Стеапа ударил его: раздался гулкий звук, как будто огрели дубиной быка. Голова датчанина откинулась назад, и Альфред стянул с него плащи. Монахиня попыталась прикрыть свою наготу, и Альфред торопливо вернул плащи на место. Он пребывал в замешательстве, а я был впечатлен, потому что монахиня оказалась молодой и очень красивой. Я гадал, зачем такая женщина впустую тратила юность и свежесть, заточив себя в монастырь.
— Ты знаешь, кто я такой? — спросил Альфред.
Она покачала головой.
— Я твой король, — негромко проговорил он, — и ты отправишься с нами, сестра.
От ее одежды давно ничего не осталось, поэтому мы закутали монахиню в тяжелые плащи. Датчанин был уже мертв, я перерезал ему горло Вздохом Змея, а потом отыскал на его шее полный денег мешочек на кожаном шнурке.
— Эти деньги отойдут церкви, — сказал Альфред.
— Вообще-то это я их нашел, — ответил я. — И я его убил.

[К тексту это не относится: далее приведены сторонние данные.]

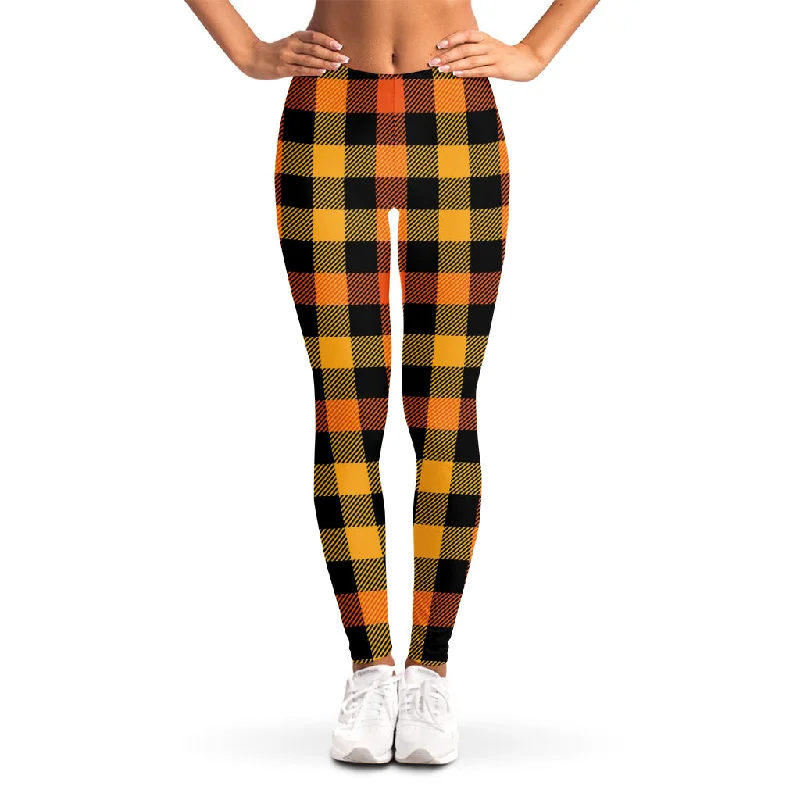 Orange And Black Buffalo Plaid Print Women's Leggings Comfortable Full-Body Compression Leggings Orange And Black Buffalo Plaid Print Women's Leggings Comfortable Full-Body Compression Leggings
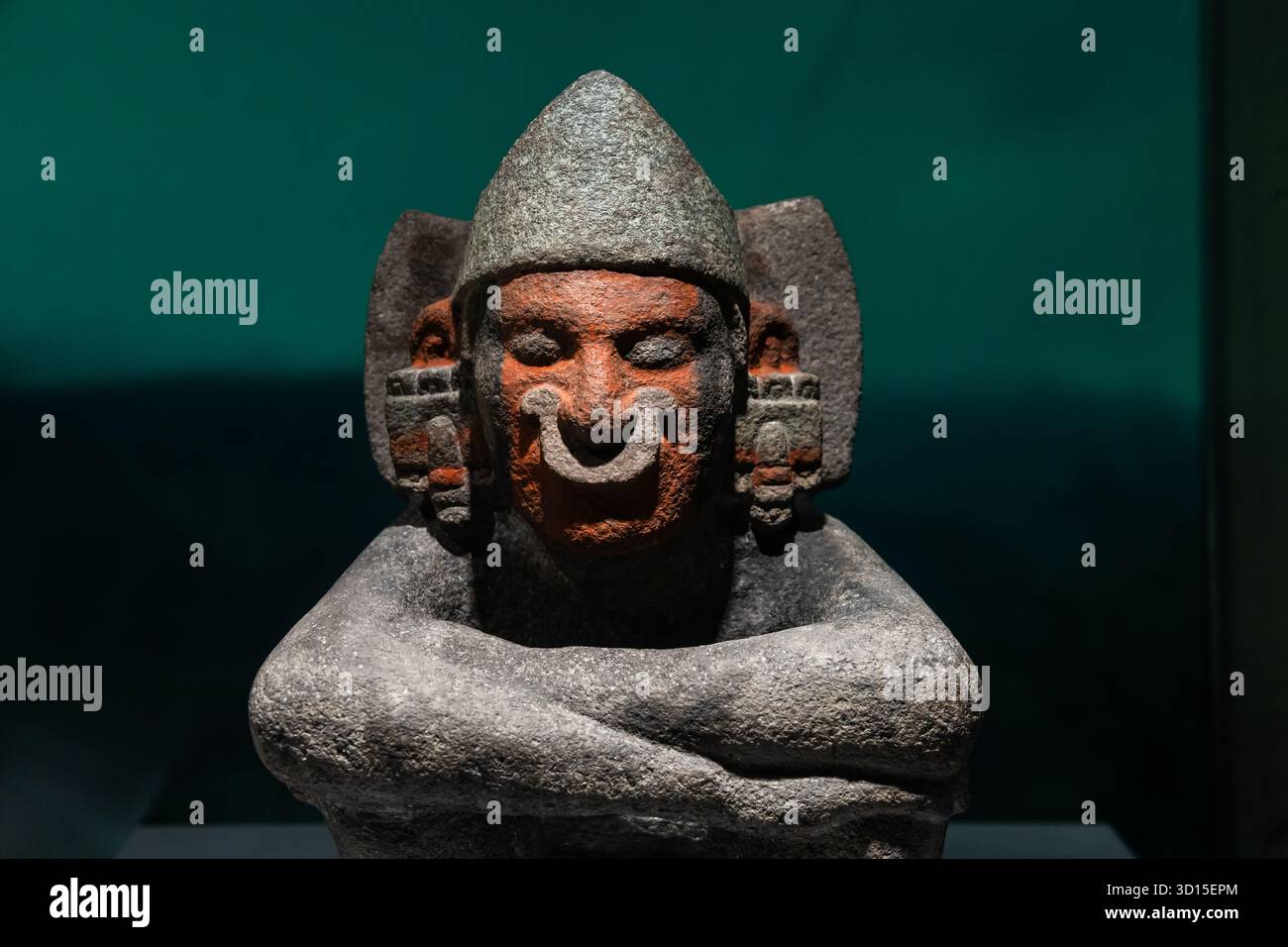 Scultura in pietra di Patecatl, il dio azteco della guarigione, della fertilità e del pulque, esposta al Templo Mayor Museum di città del Messico. Foto Stock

— Это греховные деньги, — терпеливо проговорил король. — И они должны быть возвращены церкви. — Улыбнувшись монахине, он спросил: — Здесь есть другие сестры?
— Только я, — тихо ответила та.
— И отныне ты в безопасности, сестра! — Он выпрямился. — Теперь мы можем идти.
Стеапа понес монахиню, которую звали Хильда. Она цеплялась за него, скуля, — то ли от холода, то ли, скорее всего, вспоминая пережитое.
Той ночью, будь у нас сотня человек, мы могли бы взять Сиппанхамм. В такой до костей пронизывающий мороз никто не остался сторожить на валу; часовые, охранявшие ворота, скорчились у огня в караулке и, когда мы подняли засов, только сварливо окликнули нас, спрашивая, кто мы такие.
— Люди Гутрума! — крикнул я в ответ, и больше они нас не беспокоили.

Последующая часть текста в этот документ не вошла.